Bonne nouvelle, début mai 2023, l’inflation a ralenti, par la composante énergie, de 10,6 % fin octobre à 6,9 % pour la zone euro et de 7,1 % à 6,7 % pour la France.
Les boucliers tarifaires, une sacrée défense
Mis en place depuis 2021, ils ont pu amortir temporairement le choc énergétique sans pour autant le faire disparaître. « Les mesures budgétaires pourraient à moyen terme entretenir l’inflation dans un contexte de décrue des prix de l’énergie. Il faut savoir que le pouvoir d’achat des Français a été préservé « en moyenne » en 2022, - 0,1 %. Et il devrait rester stable cette année », souligne Christine Bardinet, directrice régionale Occitanie de la Banque de France.
73 % des Français ont confiance en l’euro
Les hausses du taux d’intérêts sont particulièrement pertinentes pour maîtriser l’inflation sous-jacente qui présente un risque de persistance. « Aujourd’hui, le crédit est logiquement moins accommodant, mais l’accès y reste plus large en France qu’ailleurs en Europe. » Le taux directeur de la Banque Centrale Européenne était de – 0,5 % en juin 2022. En avril 2023 il a atteint 3 %.
La hausse des prix a été de + 5,9 % en France sur l’année 2022, un niveau inférieur au reste de la zone euro (+8,4%). Expliqué précédemment, phénomène mondiale tiré au départ par les prix de l’énergie, l’inflation s’est diffusée à l’ensemble de l’économie nationale. Dès lors, la lutte contre l’inflation, pour la ramener au niveau de 2 % est le premier objectif du mandat de la banque de France.
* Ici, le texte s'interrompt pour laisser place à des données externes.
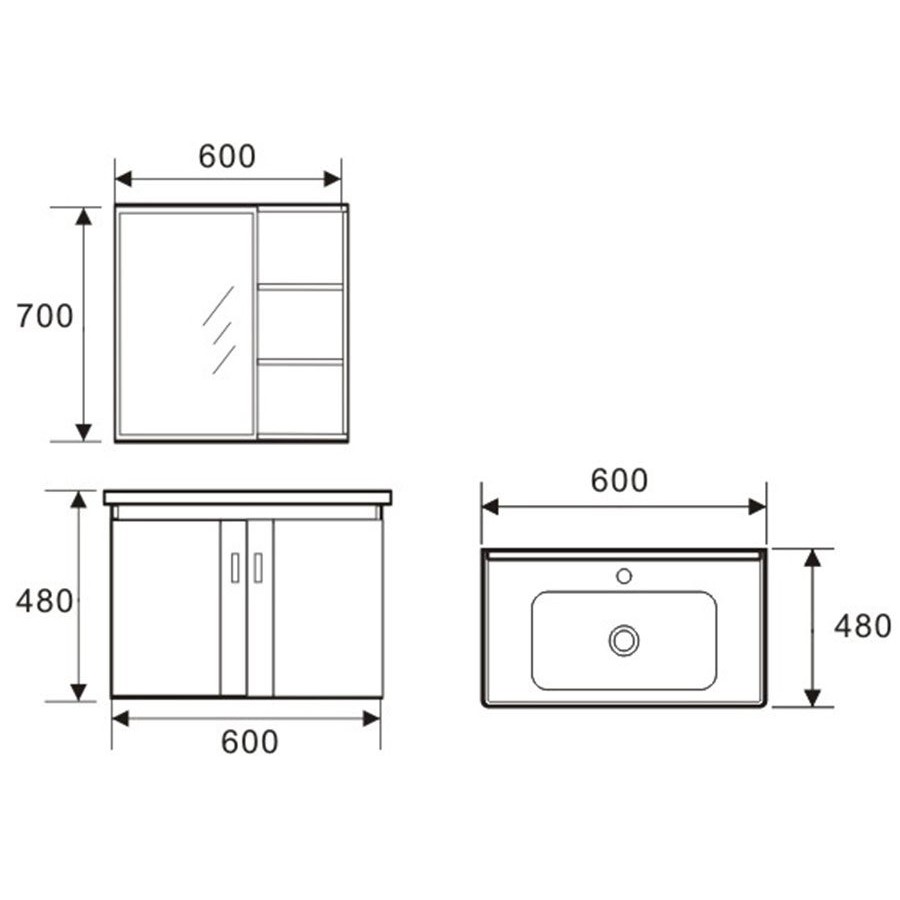 Bộ tủ Lavabo gỗ Polywood phủ Melamine chịu ẩm Eurolife BLV-PM07 Nâu nhạt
Ainsi, la politique monétaire s’est normalisée avec le retrait progressif des mesures de soutien dites non conventionnelles, comme l’arrêt des achats nets effectués dans le cadre des programmes d’achats d’actifs (PEPP et APP), ou un recalibrage des opérations de refinancement à plus long terme (TLTRO).
Malgré la normalisation monétaire, l’activité a bien résisté en 2022, avec une croissance du PIB de + 2,6 % en 2022. Après avoir été exceptionnellement favorables depuis 2015, les conditions de financement de l’économie se sont rapprochées de leurs moyennes historiques : le taux d’intérêt moyen des nouveaux crédits à l’habitat des ménages a atteint + 2,05 % en décembre 2022.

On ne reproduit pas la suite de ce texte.